Training and validation of Neural Networks (NN) are very computationally intensive. In this paper, we propose a distributed system based NN infrastructure that achieves two goals: to accelerate model training, specifically for hyperparameter optimization, and to re-use some of these intermediate models to evaluate the uncertainty of the model. By accelerating model training, we can obtain a large set of potential models and compare them in a shorter amount of time. Automating this process reduces development time and provides an easy way to compare different models. Our application runs different models on distinct servers with a single training data set, each with tweaked hyperparameters.
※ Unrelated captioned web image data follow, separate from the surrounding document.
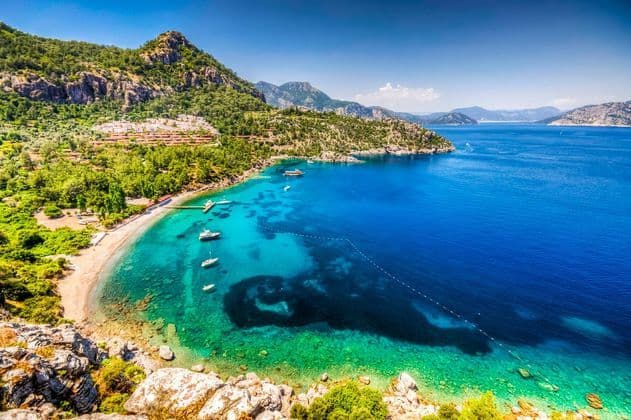 An aerial view of a bay with clear turquoise water, a sandy beach, and boats anchored along a mountainous coast covered in lush green trees.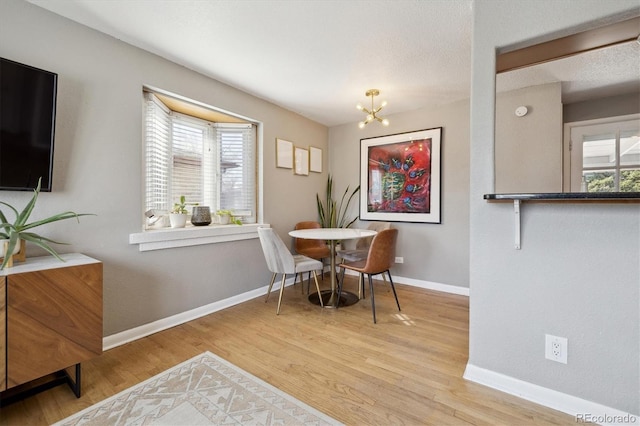 dining space featuring baseboards, a notable chandelier, and wood finished floors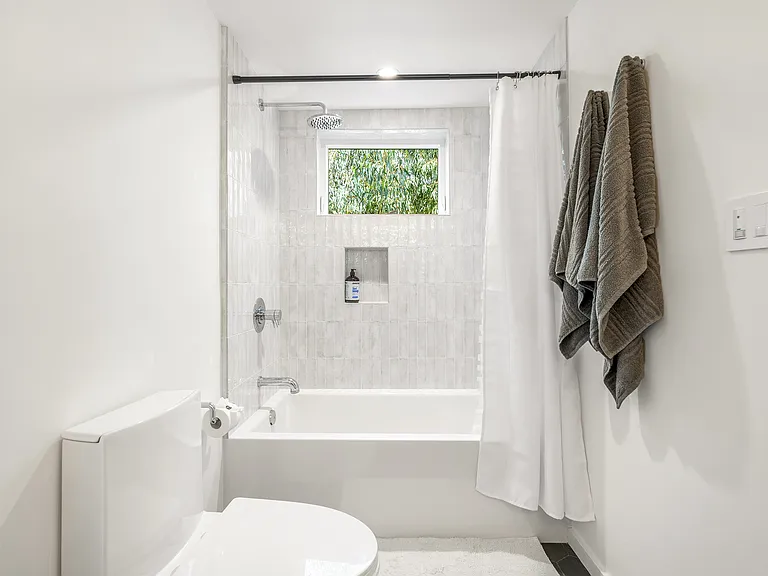 Unwind in style with this serene, well-appointed bathroom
By adding uncertainty to our results, our framework provides not just a single prediction but a distribution over predictions. Adding uncertainty is essential to some NN applications since most models assume that the input data distributions are identical between test and validation. However, in reality, they are producing some catastrophic mistakes. Since our solution is a distributed system, we make our implementation robust to common distributed system failures (servers going down, loss of communication among some nodes, and others). Furthermore, we use a gossip-style heartbeat protocol for failure detection and recovery. Finally, some preliminary results using a black-box approach to generate the training models show that our infrastructure scales well in different hardware platforms.